The case of the never-finished house on Little Gasparilla revisited

March 13, 2020
By Olivia Cameron

BY OLIVIA CAMERON
Have you ever wondered about unfinished metal house that sits on Little Gasparilla?  If you haven’t, then you’re bound to hear more about it.
Past the toll bridge on the way over to the Boca Grande, there is a half-built structure just beyond the turquoise waves, and it’s an eye sore to the community. The scaffolding looms over the ocean and haunts the Island to this day.
Just short of the Little Gasparilla shoreline, the incomplete residence has left neighbors and the rest of the community to wonder when it’ll ever be finalized. It isn’t new, either. In fact, most recollect seeing this unfinished project for years now – seven or more to be exact. 

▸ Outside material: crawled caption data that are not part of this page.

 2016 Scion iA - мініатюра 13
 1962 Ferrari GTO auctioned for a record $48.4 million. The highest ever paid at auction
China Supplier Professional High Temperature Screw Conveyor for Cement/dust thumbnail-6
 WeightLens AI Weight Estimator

The community has even taken their complaints to Facebook.
Of the Rotonda West residents, Natalie Sheill wrote, “I’ve been down here six years and it’s been that same way for all of those years.”
Sandy Zaborowski Millis said, “It’s owned by multimillionaire and it’s just a tinker toy project to him. It’s been about 10 years now.”

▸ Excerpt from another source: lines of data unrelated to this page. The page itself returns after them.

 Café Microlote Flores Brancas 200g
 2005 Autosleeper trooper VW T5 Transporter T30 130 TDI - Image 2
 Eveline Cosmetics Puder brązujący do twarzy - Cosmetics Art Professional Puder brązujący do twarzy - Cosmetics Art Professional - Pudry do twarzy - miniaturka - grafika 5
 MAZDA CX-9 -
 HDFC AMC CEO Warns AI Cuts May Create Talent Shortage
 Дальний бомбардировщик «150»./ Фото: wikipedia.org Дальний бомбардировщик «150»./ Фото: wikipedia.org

To many, it is a never-ending Island blemish that’s just held up by multifarious rumors. Without the homeowner’s clear-cut defense, the public is left to theorize.
Warren Delling wrote, “I’m surprised that the county and island just leave it there, unfinished for years. They should require it to be finished or torn down. It’s a real eyesore for the beautiful island and beach.”
Phil Townsend tuned in with, “We call it the “Beirut” House on the water.”
Daine Van Duzer White wrote, “It’s a blight on the point. That used to be such a scenic spot when there was just the house with the blue gabled roof. I agree with others here: why is the county allowing an unfinished shell to stand there for so many years?”
Through constant speculation, there have been a meager amount of answers. However, some might say there has been more development this year than the as opposed to previous years. 
Builder John R. Curley of Custom Homes commented that the house would undergo progressive changes this year, starting with infrastructure and window placement. With few comments on it’s future, the house is to at least remain in its place.
Lisa Eavey reflected, “I was there last week kayaking with friends and there was someone actually doing some work on the structure, the first time in three years that I have seen any activity.”
As some things remain the same, the community is left to ponder it’s future. After all of the circulating rumors, the Island will have to wait for time to prove change.